Wednesday, July 18, 2012

Interest rates at minus as 'perfect storm' looms


When you borrow money you pay interest to the lender. The rate you pay is the cost of borrowing and lenders derive their profits from it. At least, that’s the way it is supposed to work.

Not any longer. On July 5, the European Central Bank cut its deposit rate to zero. That means it stopped paying interest on money deposited with it.

As a consequence, six countries with economies for the moment at the edge of the economic storm now offer negative returns for government bonds maturing in two years or less: Germany, Finland, Denmark, Switzerland, the Netherlands and Austria.

Investors in effect have to pay them to look after their money. It’s a kind of parking fee. Rather than receiving interest on the loan the investors are so desperate to find a home for their money as the crisis escalates, they are willing to pay for it to be stored. 

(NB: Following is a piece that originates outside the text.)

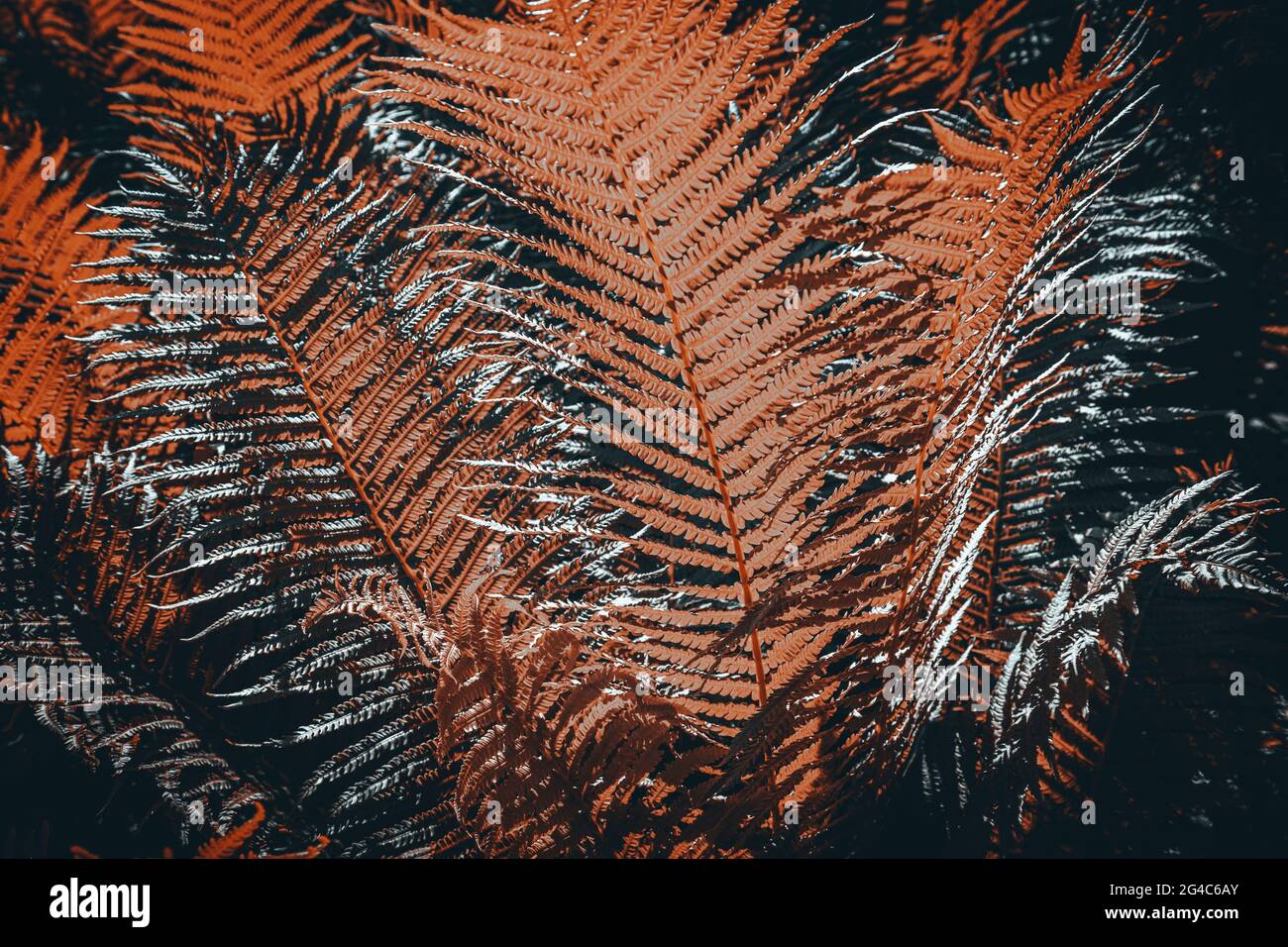Farne, abstrakte Farbe, kreative Anordnung, die den Rahmen füllt Stockfoto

And as a further consequence, more than half of Europe’s money market funds investing in government bonds – so-called “securities” - have closed. Not only is there no money to be made, but, because the interest rates are negative, it means that the value of investments will fall.

Switzerland’s two-year bond yield is the lowest of the six, at minus 0.55%, while Austria’s comparable government bond yield edged down to a negative 0.01% on Tuesday.

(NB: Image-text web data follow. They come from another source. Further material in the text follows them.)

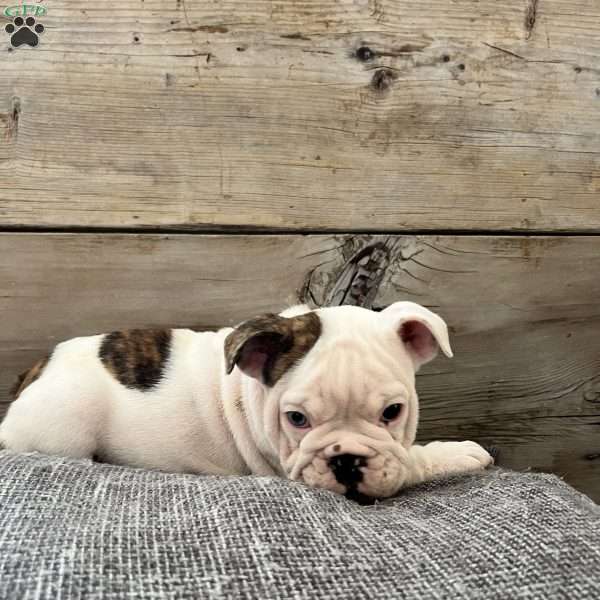 Bowie, English Bulldog Puppy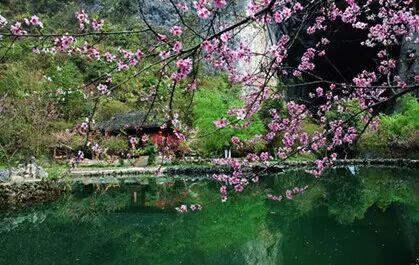 从天津坐火车，可直达这些赏花地！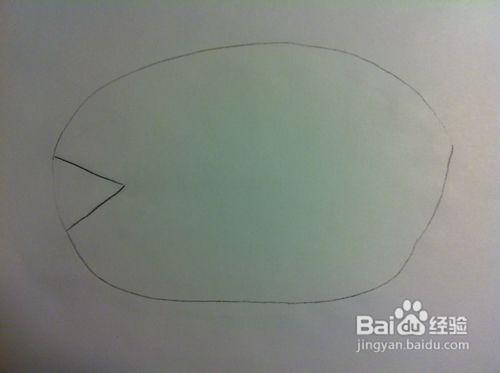 教你画动物——小鱼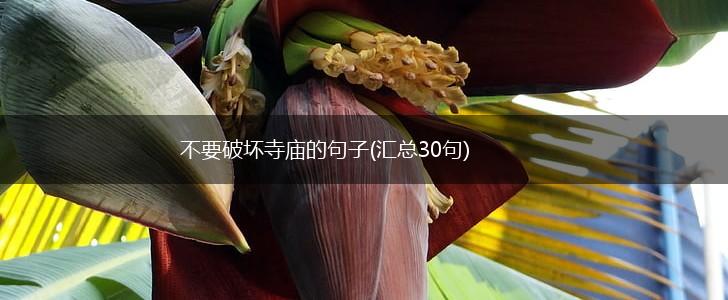 不要破坏寺庙的句子(汇总30句),第1张
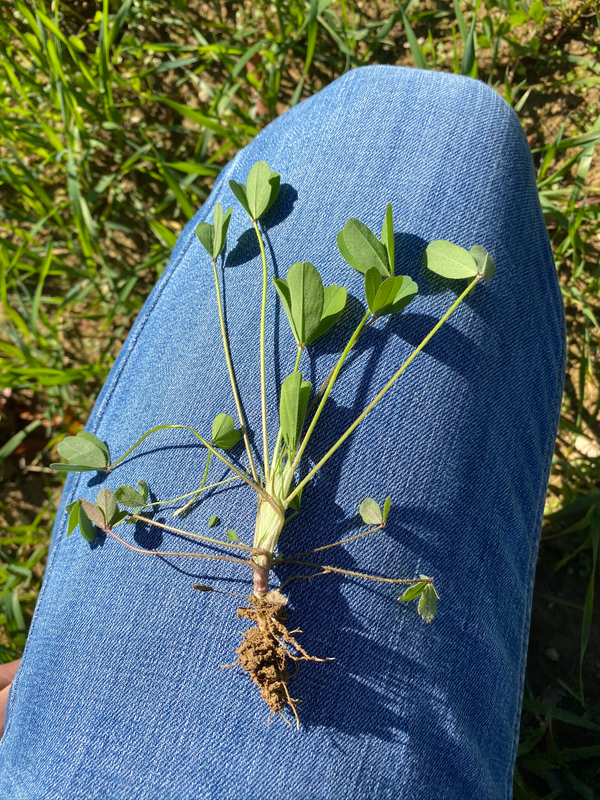 16C0B3F1-3521-4EA9-9AD0-A6A6158DEFAD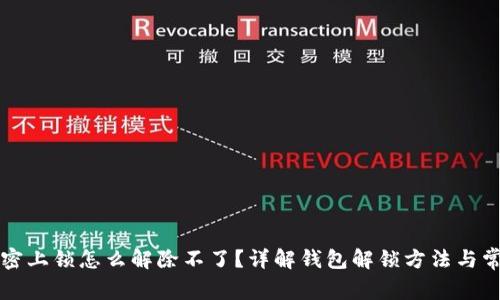 钱包加密上锁怎么解除不了?详解钱包解锁方法与常见问题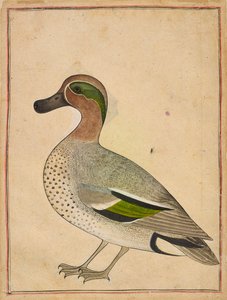 एक हरे पंखों वाली चैती, लगभग. 1730. द्वारा अज्ञात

This morning, Japan joined the stampede. The Bank of Japan scrapped the 0.1% lower limit on the rate it would pay for government bond purchases, opening its door to the possibility of buying debt with negative returns.

And in the US, policy makers “are looking for ways to address the weakness in the economy should more action be needed to promote a sustained recovery in the labour market,” said chairman of the Federal Reserve Ben Bernanke yesterday, using typically guarded language to disguise the seriousness of the situation.

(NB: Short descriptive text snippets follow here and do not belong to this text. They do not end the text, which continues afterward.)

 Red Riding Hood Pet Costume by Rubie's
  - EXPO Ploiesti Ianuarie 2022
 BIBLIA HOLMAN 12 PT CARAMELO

Over the past 60 years the world’s economy was transformed. Production expanded, the population ballooned, the flow of commodities pouring out of factories turned into a flood.

Big and small companies operating from within national boundaries and subject to the home countries regulations expanded beyond their borders, becoming the transnational and global corporations so powerful that their requirements – for more growth from which more profits could be siphoned - determined national policies.

Regulation on the movement of capital was removed to allow the expansion of credit needed to fund continuously expanding investment. The ballooning of the credit (and debt) industry spawned a generation of brilliant, creative, inventive young people discovering ever new ways to make money out of money.

The amount of interest-bearing credit extant in the world soared, to become ten then, 20, 60 times larger than the real, substantial things of value in the world, like food, clothing, cars, roads, factories, computers,

And the velocity of its movement around the world accelerated as the power of those computers and the carrying capacity of the networks that linked them spread worldwide.
All that came to an end when the ability of people to repay their debts reached its limit, triggering the 2007/8 financial meltdown.

With the bursting of the bubble, global expansion has turned into its opposite - global contraction. In reality, interest rates have been effectively negative for years since central banks reduced their policy rates to below inflation in the wake of the crash to try and encourage more borrowing.  

The technical term for this is “financial repression” and millions of people around the world have felt its effects in unemployment, lost home, pensions, soaring food prices, and increasingly brutal austerity programmes.

Negative interest rates are a sign of increasing desperation in global economic and financial circles. Leading economist Nouriel Roubine is convinced that 2013 will produce a “perfect storm” as a number of factors come together to derail the global economy. You can’t say we haven’t been warned.